2. Data are processed through current versions of each pipeline, and since the pipelines evolve, no single homogeneous set of processed data exists. This slows testing. It also means that target lists generated from earlier data processing runs will not match lists that would be generated from a more recent processing. However, there will be motivation to retain the spectra observed from the earlier target lists, with some process for reconciling the disparity in target lists. Our software and databases are not prepared to handle arbitrary decision trees of this sort.
Data Distribution: The process by which data are pushed to the collaboration is crude. Not all data products are easily accessible at Fermilab; some are online, some are backed up to a tape robot, some are only available on tape offline, some are available but in a compressed format.
The SX database is still being developed. New tools are needed to ease access by members of the collaboration.
The SDSS is committed to a base level data release to the astronomical community in which the object catalogs are distributed via CDROM. The software needed to assemble the CDROMs exists as a prototype only; it was used to create a sampler CDROM in 1998. A full system will be developed at the time of the first full data release.
An enhanced data release plan has been developed for putting additional datasets online, but this plan has not been approved or fully scoped.

Resources and Management

The software development, maintenance, and operations are shared amongst several institutions in the collaboration (approximately 17 FTEs total). At each institution the work is directed by one or more "PI's". The following table lists the institutions with significant responsibilities.

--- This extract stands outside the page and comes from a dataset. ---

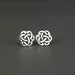 see more listings in the Boucles d'oreilles 925 section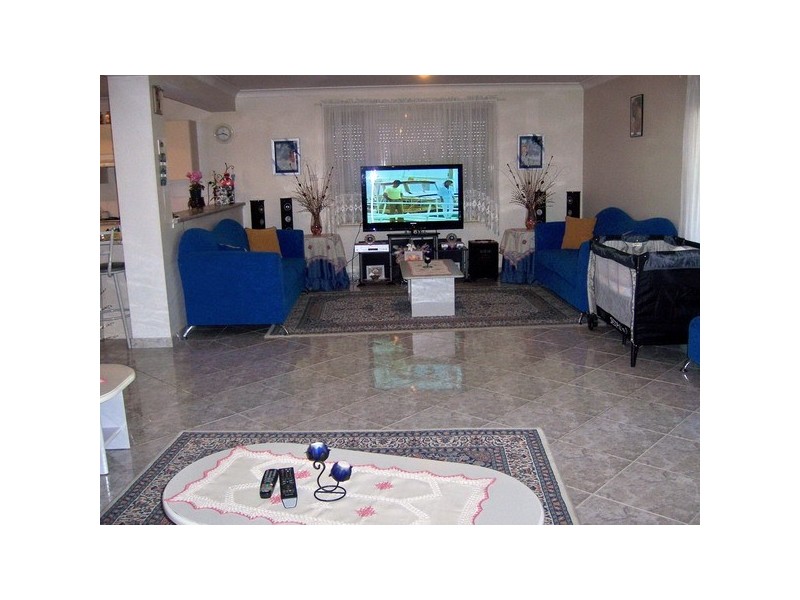 49 Karrabah Road, Auburn NSW 2144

Fermilab: Management, MT pipe, target selection, final calibration, operational database, spectro (2D), infrastructure, all data processing operations, DA maintenance, data distribution to collaboration.
Princeton: Photometric pipelines, spectro (2D), photometric calibrations, mailing lists, bug database.
USNO: Astrometric calibrations, operational database.
U. of Chicago: Spectroscopic Pipelines.
JHU: Photometric calibrations, Science Database.

In addition, various scientists around the project contribute on an ad hoc basis.

Decision making occurs as follows:

The PIs direct the work and set priorities at their own institutions, with the proviso that support for data processing has high priority.
Change requests or tasks that involve two or more pipelines or institutions are coordinates via weekely phone conferences, lead by Head of Data Processing and Distribution. Resolution is usually achieved by consensus.
Decisions that impact the science of the survey or require specific test data to be obtained are elevated to the Head of Science Direction, Technical Director or the Change Control board as appropriate.

Known problems:

We are short on FTE's. We make up in part by depriving scientists of research time.
Change control board is cumbersome and has not yet met.